= John Lambe (Dean of the Arches) =

English jurist

Sir John Lambe (1566? - 1647) was an English jurist, closely associated with the ecclesiastical policy of William Laud.

==Life==
He was probably born about 1566, graduated B.A. at St. John's College, Cambridge, in 1587, and M.A. in 1590. In the interval he made a pilgrimage to Rome. On his return to England he was undermaster in a school, and studied the civil and canon law. In 1600 he purchased the registrarship of the diocese of Ely; in 1602 he was admitted a member of the College of Advocates. About the same time he was appointed co-registrar, and shortly afterwards chancellor of the diocese of Peterborough. Thomas Dove, bishop of Peterborough, made him his vicar, official, and commissary general, jointly with Henry Hickman, on 10 June 1615. In the following year he took the degree of LL.D. at Cambridge.

In 1617 he was appointed by the dean and chapter of Lincoln commissary of their peculiars in the counties of Northampton, Rutland, Huntingdon, and Leicester. He had now established a reputation as an ecclesiastical lawyer, and in 1619 he was consulted by John Williams, dean of Salisbury, in reference to some delicate cases. A strong supporter of the royal prerogative, he carried matters with a high hand against the Puritans in Northamptonshire, compelling them to attend church regularly on the Sunday, to observe holy days, and to contribute to church funds, imposing penances on recusants, and commuting them for fines, and holding courts by preference at inconvenient times and places, fining those who failed to appear. In 1621 the mayor and corporation of Northampton presented a petition to parliament complaining of these grievances, and the speaker issued his warrant for the examination of witnesses. The king, however, intervened to stop the proceedings, and during his progress through Northamptonshire knighted Lambe on 26 July at Castle Ashby. In 1623 Lambe was selected by Williams, now bishop of Lincoln, to be his commissary; but Williams in 1626 refused to sanction some proceedings proposed by Lambe against some Leicestershire conventiclers. Lambe secretly informed the privy council against him. No immediate steps were taken against the bishop, but Lambe's information and the evidence were preserved for possible future use.

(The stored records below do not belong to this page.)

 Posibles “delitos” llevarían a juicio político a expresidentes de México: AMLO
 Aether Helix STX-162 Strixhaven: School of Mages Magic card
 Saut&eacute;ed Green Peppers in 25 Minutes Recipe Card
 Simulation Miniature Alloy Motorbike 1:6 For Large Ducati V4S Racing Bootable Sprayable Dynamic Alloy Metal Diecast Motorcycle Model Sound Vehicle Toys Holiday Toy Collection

Lambe was a member of the high commission court from 1629 until its abolition by the Long Parliament, and was one of Laud's most active supporters throughout that period. In the autumn of 1633 he succeeded Sir Henry Marten as dean of the arches in the court of Canterbury. On 25 February 1635 he was appointed commissary of the archdeaconries of Leicestershire and Buckinghamshire. In 1637 he was commissioned to exercise ecclesiastical jurisdiction within the county of Leicester during the suspension of Bishop Williams. On 26 January 1640 he was appointed chancellor and keeper of the great seal to Queen Henrietta Maria. Lambe investigated precedents for the queen's council, which administered her jointure income.

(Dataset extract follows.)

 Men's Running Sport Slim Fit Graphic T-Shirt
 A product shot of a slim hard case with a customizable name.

As the Long Parliament met, the parishioners of Waddesdon, Buckinghamshire, whom he had compelled to maintain two organs and an organist, petitioned for redress, and on 1 February 1641 Lambe was summoned to appear before a committee of the House of Commons to answer the charge. He made default, was sent for 'as a delinquent,' and on 22 February was produced at the bar in a poor state. He made formal submission on 6 March, and was released on bail. At the same time he was harassed by proceedings in the House of Lords by the widow of one of the churchwardens of Colchester, whom he had excommunicated in 1635 for refusing to rail in the altar, and by a certain Walter Walker, whom he had unlawfully deprived of the office of commissary of Leicester. The house found both charges proved, and awarded £100 to the widow and £1,250 to Walker; and it was contemplated to impeach Lambe along with Laud. He fled to Oxford, where he was incorporated on 9 December 1643. His property was sequestrated. He died according to Anthony Wood in early 1647.

==Family==
Lambe had two daughters, both considered beauties, one of whom married Robert Sibthorpe; the
other, Barbara, was second wife of Basil Feilding, afterwards Earl of Denbigh.